U.S. Commerce Nears June-End Copper Tariff Report as 15% Levy Could Reshape Global Flows
Updated
Updated · goldinvest.de · Jun 23
U.S. Commerce Nears June-End Copper Tariff Report as 15% Levy Could Reshape Global Flows
3 articles · Updated · goldinvest.de · Jun 23
Summary
By June 30, the U.S. Commerce Department must deliver President Donald Trump a Section 232 report that will guide whether refined copper faces new import tariffs.
A 15% tariff from January 2027—potentially rising to 30% in 2028—is under discussion after Comex premiums topped $500 a metric ton, already pulling unusually large volumes of copper into the U.S.
If Trump approves the measure, analysts expect imports into U.S. warehouses to reach as much as 200,000 metric tons a month, draining LME supply and pushing global prices higher after spring peaks above $14,500.

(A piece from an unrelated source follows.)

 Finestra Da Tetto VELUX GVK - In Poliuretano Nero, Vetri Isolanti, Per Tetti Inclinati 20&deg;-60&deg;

U.S. fabricators are resisting because the country imports about half its refined copper, warning tariffs would raise input costs and, alongside existing 50% duties on semi-finished copper products, could hurt demand more than spur mining.
A delay remains possible, which would preserve current inventories and volatility; a full rejection of raw-copper tariffs could instead collapse the Comex premium and send stored metal back toward Asia.